• [Exercise aim]:
Write out exactly the lines below from the one containing "亲肤卡通磨毛被四件套水洗学生宿舍三件套床上用品简约单人加厚" to the last, both ends kept, and nothing more; skip all pictures.

━━ Records to use ━━

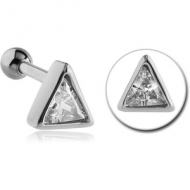 SURGICAL STEEL JEWELLED TRAGUS MICRO BARBELL - TRIANGLE PIERCING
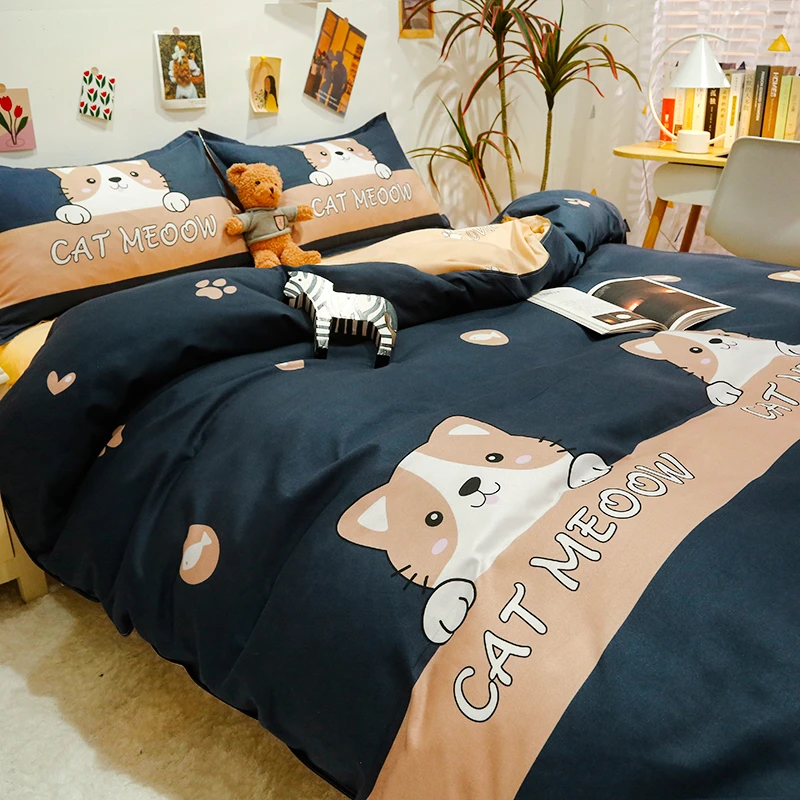亲肤卡通磨毛被四件套水洗学生宿舍三件套床上用品简约单人加厚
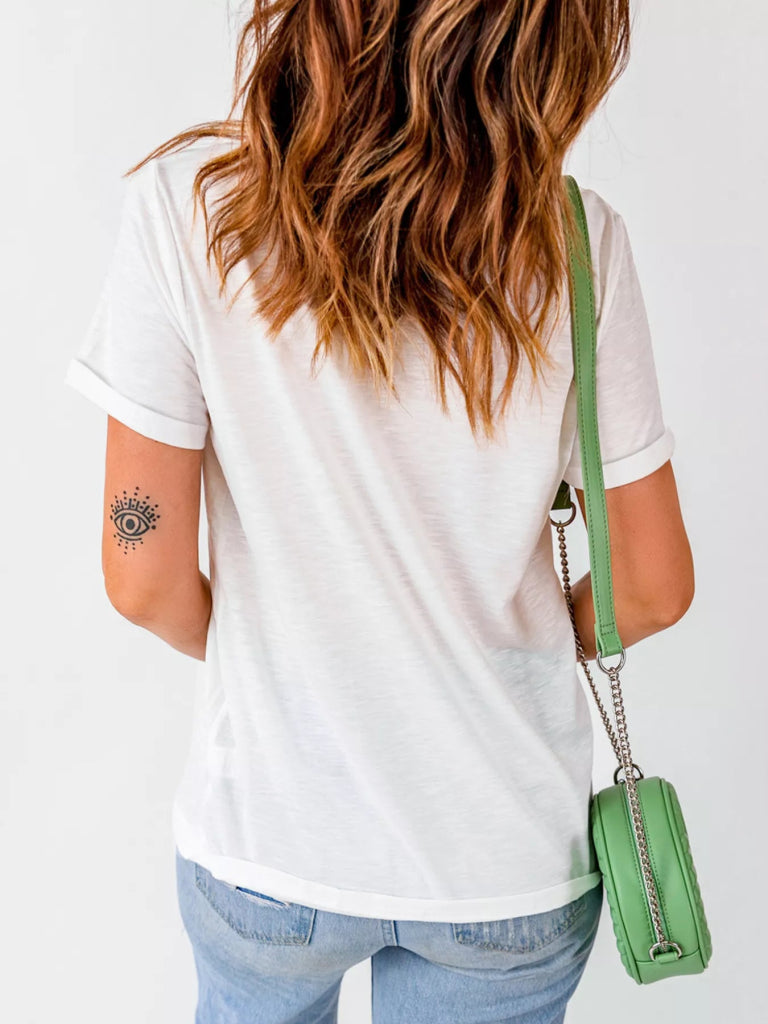 Merry & Bright Floral Christmas Tree Graphic T Shirt - White by Trendsi from FREYA’S CLOSET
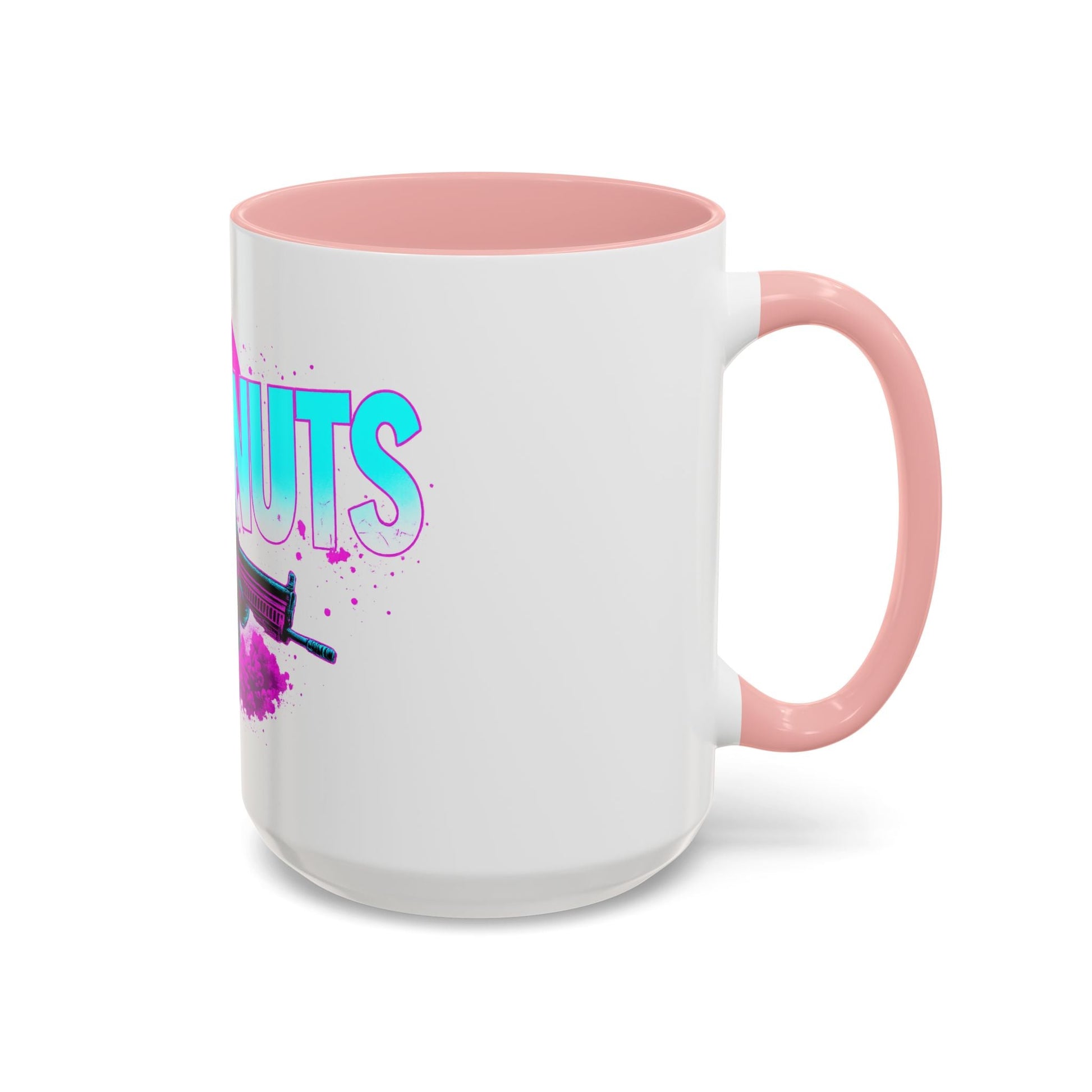 Coffee Nuts deez nuts Accent Mug — Retro Neon Squirrel with Rifle Coffee Mug 16oz - Savage Operators Tactical Tee | Mug | Savage Operators Clothing | Patriotic Apparel | Military Humor | High Quality 15oz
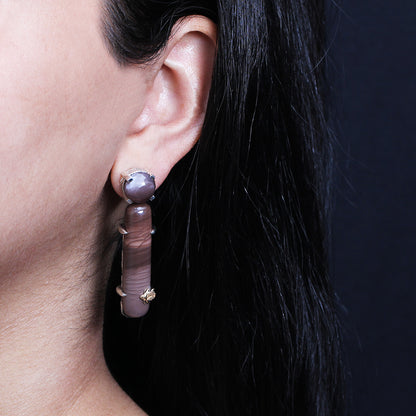 One of a Kind Jasper Earrings in Sterling Silver with 18K Gold Adam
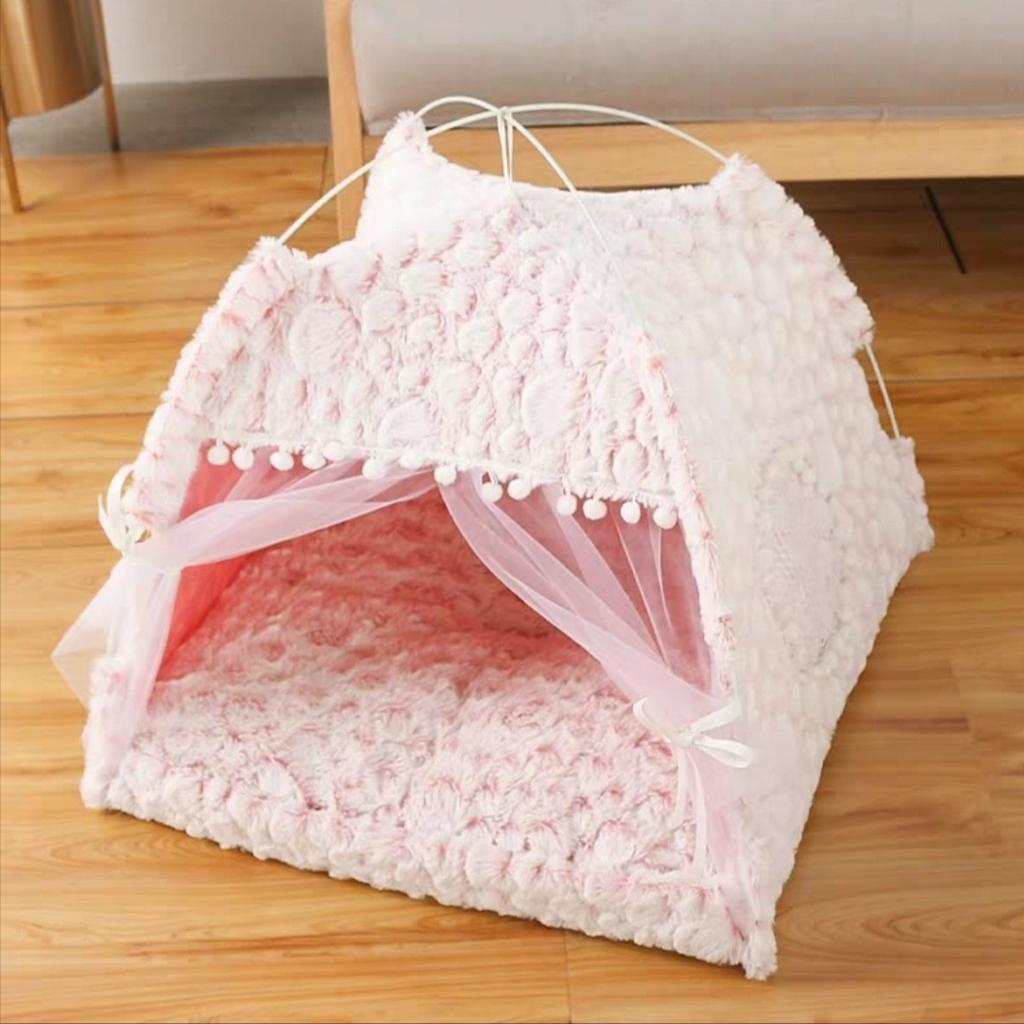 Sweet Princess Cat Bed, Foldable Tent, Dog House, Kitten Basket Beds, Cute Cat Houses, Home Cushion, Pet Kennel Products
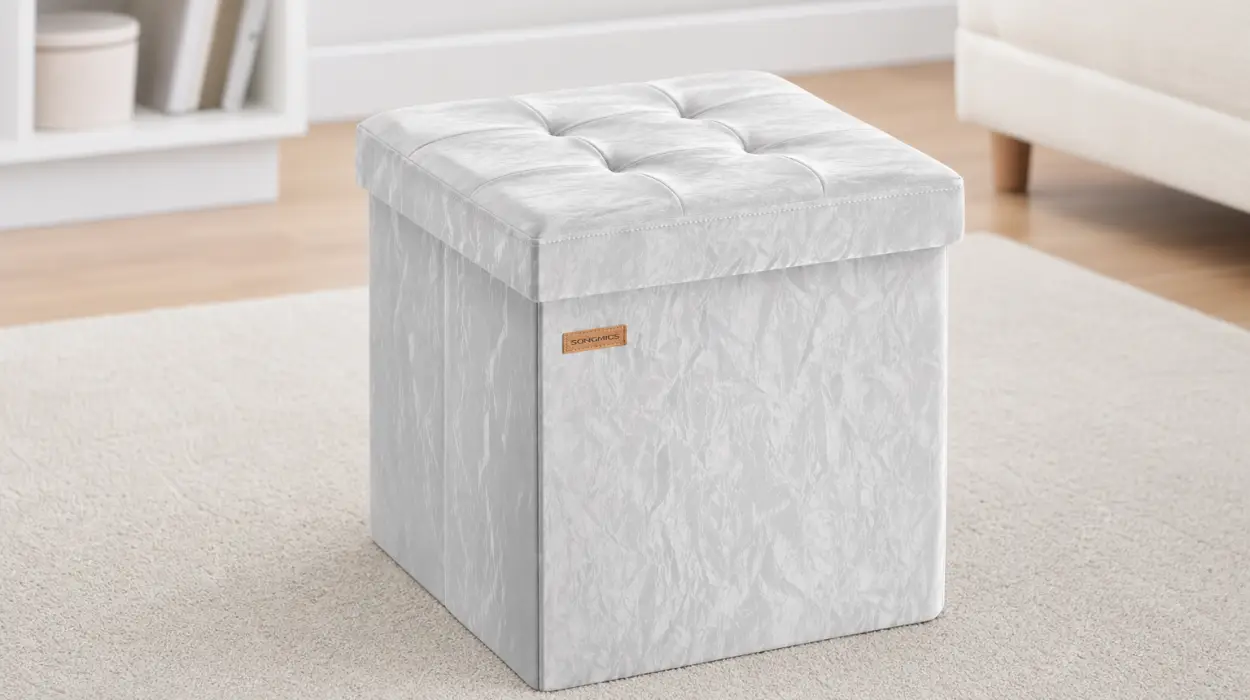 Puff de almacenaje Songmics plegable de 43 l con asiento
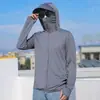 Roupa com Proteção Solar em Malha Masculina 2026 Verão Nova Proteção UV Fina Respirável Roupa de Proteção Solar Jaqueta para Pesca ao Ar Livre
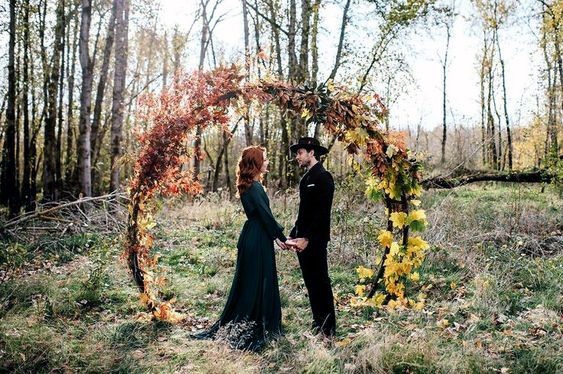 Fall Wedding Ideas Rustic Tree Branch Arbor With Yellow And Burgundy Florals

━━━

• [Response to the task]:
亲肤卡通磨毛被四件套水洗学生宿舍三件套床上用品简约单人加厚
 Merry & Bright Floral Christmas Tree Graphic T Shirt - White by Trendsi from FREYA’S CLOSET
 Coffee Nuts deez nuts Accent Mug — Retro Neon Squirrel with Rifle Coffee Mug 16oz - Savage Operators Tactical Tee | Mug | Savage Operators Clothing | Patriotic Apparel | Military Humor | High Quality 15oz
 One of a Kind Jasper Earrings in Sterling Silver with 18K Gold Adam
 Sweet Princess Cat Bed, Foldable Tent, Dog House, Kitten Basket Beds, Cute Cat Houses, Home Cushion, Pet Kennel Products
 Puff de almacenaje Songmics plegable de 43 l con asiento
 Roupa com Proteção Solar em Malha Masculina 2026 Verão Nova Proteção UV Fina Respirável Roupa de Proteção Solar Jaqueta para Pesca ao Ar Livre
 Fall Wedding Ideas Rustic Tree Branch Arbor With Yellow And Burgundy Florals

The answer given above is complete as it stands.